Exercise directions => Repeat the listing below line by line, exactly, leaving its pictures behind.

Dataset extract =>
——
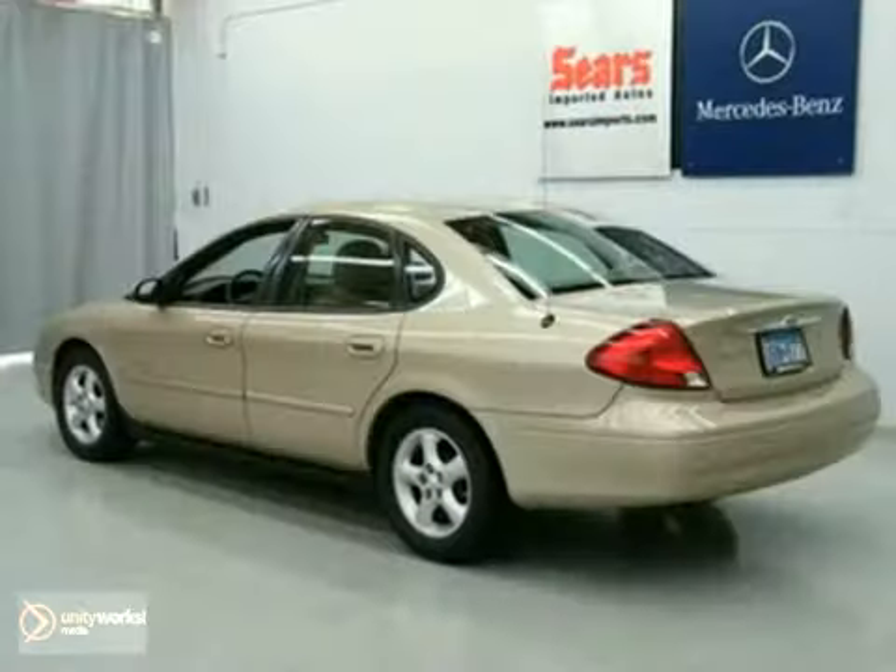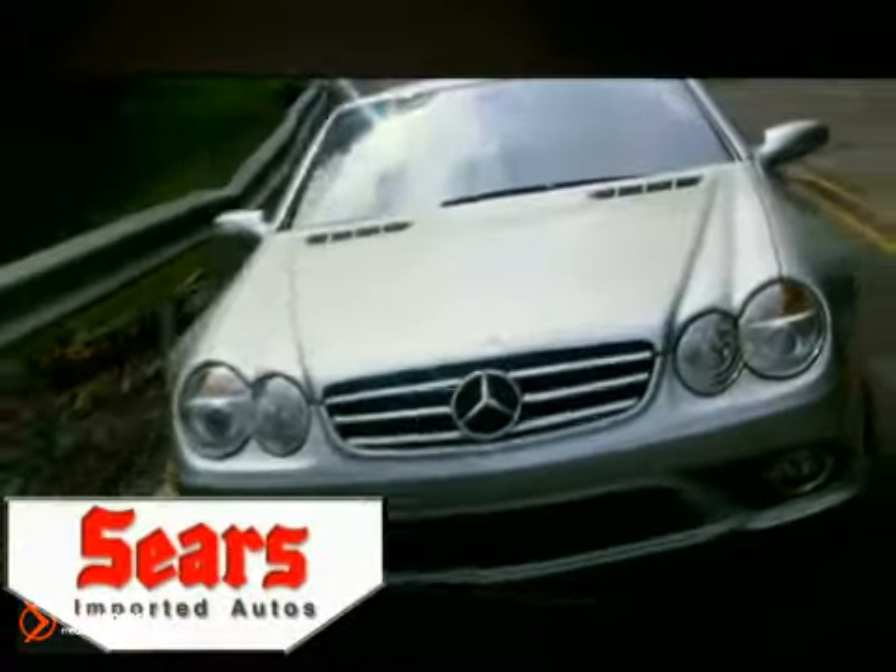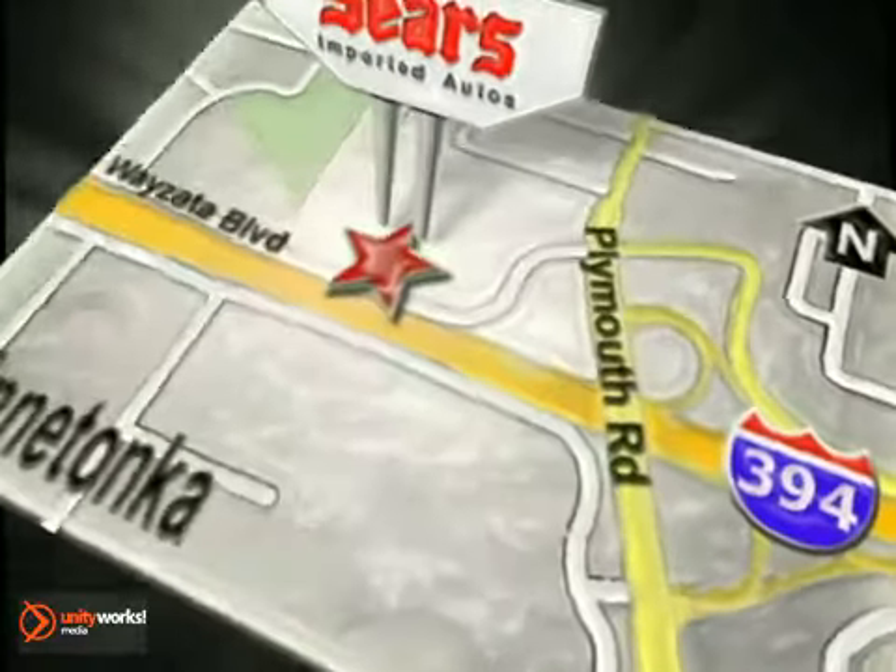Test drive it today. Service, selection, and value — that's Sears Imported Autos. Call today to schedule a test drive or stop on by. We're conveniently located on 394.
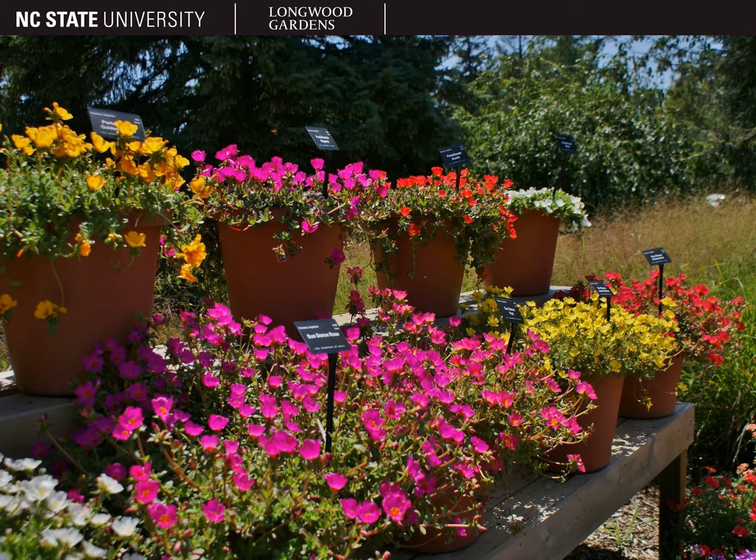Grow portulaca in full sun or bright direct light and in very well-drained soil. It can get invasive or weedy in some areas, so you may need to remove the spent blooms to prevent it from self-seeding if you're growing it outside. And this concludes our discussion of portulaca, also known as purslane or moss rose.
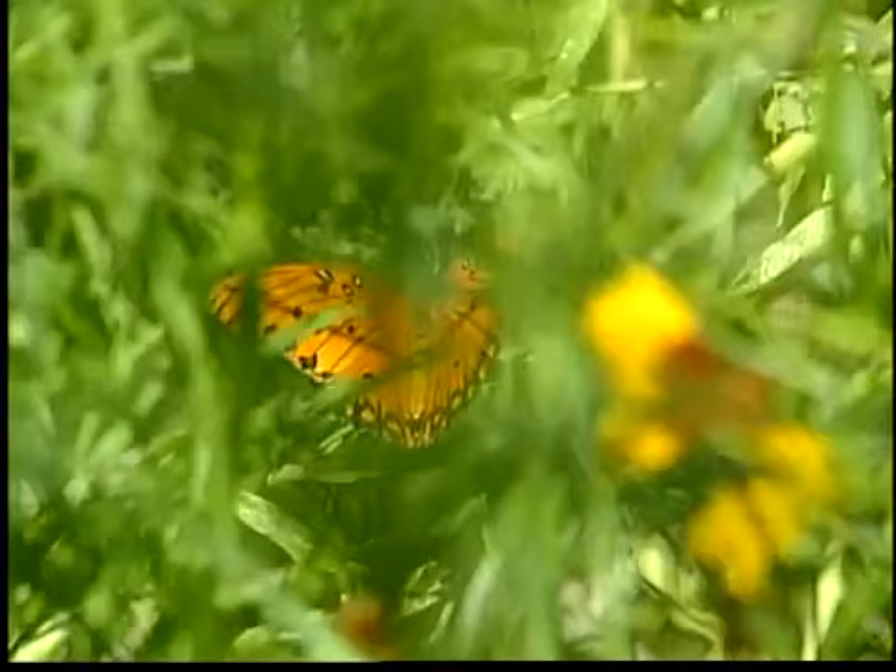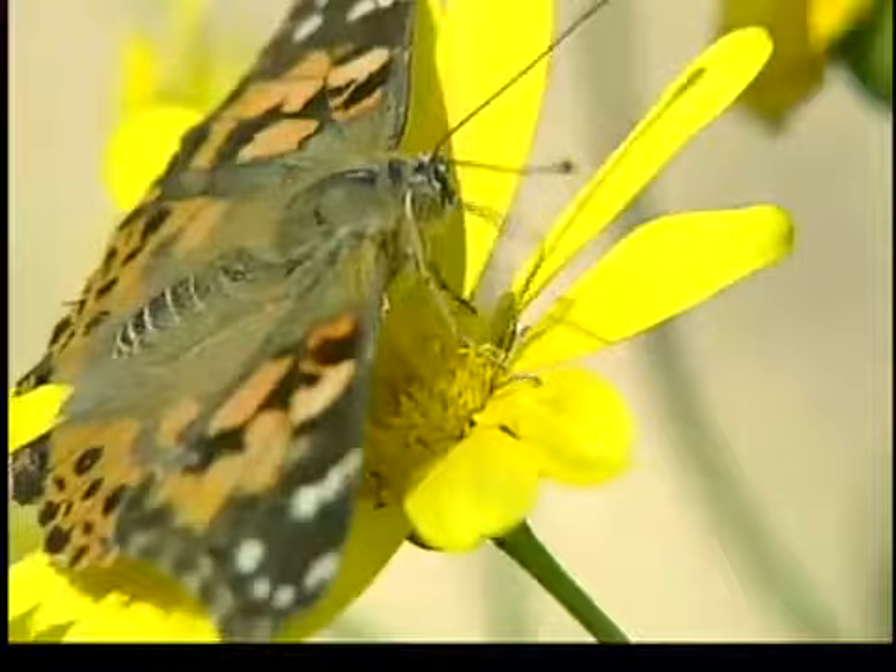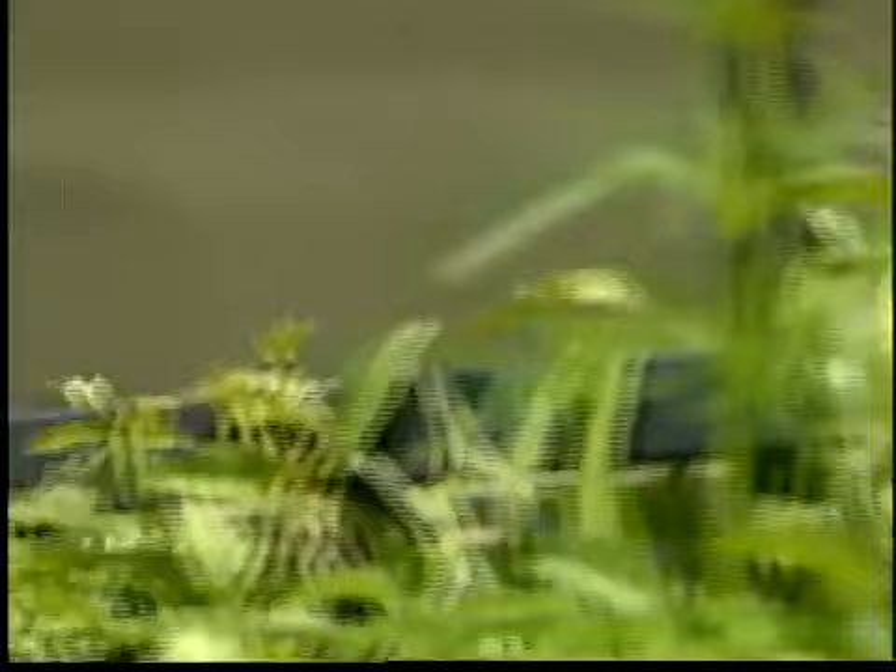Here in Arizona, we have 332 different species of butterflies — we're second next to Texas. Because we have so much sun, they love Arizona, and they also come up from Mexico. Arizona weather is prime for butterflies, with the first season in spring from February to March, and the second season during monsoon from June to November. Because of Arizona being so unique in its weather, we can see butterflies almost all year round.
——
Finished task =>
Test drive it today. Service, selection, and value — that's Sears Imported Autos. Call today to schedule a test drive or stop on by. We're conveniently located on 394.
Grow portulaca in full sun or bright direct light and in very well-drained soil. It can get invasive or weedy in some areas, so you may need to remove the spent blooms to prevent it from self-seeding if you're growing it outside. And this concludes our discussion of portulaca, also known as purslane or moss rose.
Here in Arizona, we have 332 different species of butterflies — we're second next to Texas. Because we have so much sun, they love Arizona, and they also come up from Mexico. Arizona weather is prime for butterflies, with the first season in spring from February to March, and the second season during monsoon from June to November. Because of Arizona being so unique in its weather, we can see butterflies almost all year round.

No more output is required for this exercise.